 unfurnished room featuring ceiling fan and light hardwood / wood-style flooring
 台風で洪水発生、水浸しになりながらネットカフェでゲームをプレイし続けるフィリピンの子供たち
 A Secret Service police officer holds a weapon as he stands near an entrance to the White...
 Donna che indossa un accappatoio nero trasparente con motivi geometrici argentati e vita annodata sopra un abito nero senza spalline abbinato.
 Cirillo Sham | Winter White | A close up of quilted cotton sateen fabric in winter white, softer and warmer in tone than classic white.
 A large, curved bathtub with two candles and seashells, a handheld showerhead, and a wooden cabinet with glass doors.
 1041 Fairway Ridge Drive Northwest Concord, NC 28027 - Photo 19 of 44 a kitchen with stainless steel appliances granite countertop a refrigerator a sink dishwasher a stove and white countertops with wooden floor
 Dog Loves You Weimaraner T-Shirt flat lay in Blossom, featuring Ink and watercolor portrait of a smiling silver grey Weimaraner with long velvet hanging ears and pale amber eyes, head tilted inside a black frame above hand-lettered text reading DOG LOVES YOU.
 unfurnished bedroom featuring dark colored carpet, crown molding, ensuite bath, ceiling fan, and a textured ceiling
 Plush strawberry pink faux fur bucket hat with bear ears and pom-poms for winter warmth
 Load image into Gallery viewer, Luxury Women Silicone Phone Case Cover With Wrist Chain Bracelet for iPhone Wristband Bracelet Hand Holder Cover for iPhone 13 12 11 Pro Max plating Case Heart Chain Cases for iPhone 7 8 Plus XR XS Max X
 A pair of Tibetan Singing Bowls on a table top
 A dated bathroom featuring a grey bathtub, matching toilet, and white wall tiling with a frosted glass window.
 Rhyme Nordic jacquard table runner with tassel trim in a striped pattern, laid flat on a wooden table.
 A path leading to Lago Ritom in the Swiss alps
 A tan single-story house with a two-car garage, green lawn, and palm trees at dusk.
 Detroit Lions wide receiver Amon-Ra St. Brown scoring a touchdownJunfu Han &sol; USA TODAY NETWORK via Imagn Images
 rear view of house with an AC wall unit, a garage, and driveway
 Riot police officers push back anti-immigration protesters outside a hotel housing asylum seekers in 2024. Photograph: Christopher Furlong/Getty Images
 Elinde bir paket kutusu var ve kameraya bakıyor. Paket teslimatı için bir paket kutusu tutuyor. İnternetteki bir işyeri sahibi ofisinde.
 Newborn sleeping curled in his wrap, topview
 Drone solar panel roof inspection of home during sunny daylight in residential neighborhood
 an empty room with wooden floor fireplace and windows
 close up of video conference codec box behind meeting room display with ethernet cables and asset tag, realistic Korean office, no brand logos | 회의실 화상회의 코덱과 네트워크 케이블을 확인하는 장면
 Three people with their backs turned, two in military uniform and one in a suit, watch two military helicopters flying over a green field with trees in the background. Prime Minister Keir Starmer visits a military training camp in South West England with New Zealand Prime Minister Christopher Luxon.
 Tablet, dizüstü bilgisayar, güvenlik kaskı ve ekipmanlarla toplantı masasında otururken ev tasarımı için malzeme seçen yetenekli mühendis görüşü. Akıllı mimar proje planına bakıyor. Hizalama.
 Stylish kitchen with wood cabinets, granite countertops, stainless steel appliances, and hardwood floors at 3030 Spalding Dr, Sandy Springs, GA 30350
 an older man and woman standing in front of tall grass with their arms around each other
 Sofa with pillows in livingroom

**Work instructions**. In the data above, find the line with "Donna che indossa" and the line with "Cirillo Sham |". Retype both, plus every line between them, exactly.

**Exercise output**.
 Donna che indossa un accappatoio nero trasparente con motivi geometrici argentati e vita annodata sopra un abito nero senza spalline abbinato.
 Cirillo Sham | Winter White | A close up of quilted cotton sateen fabric in winter white, softer and warmer in tone than classic white.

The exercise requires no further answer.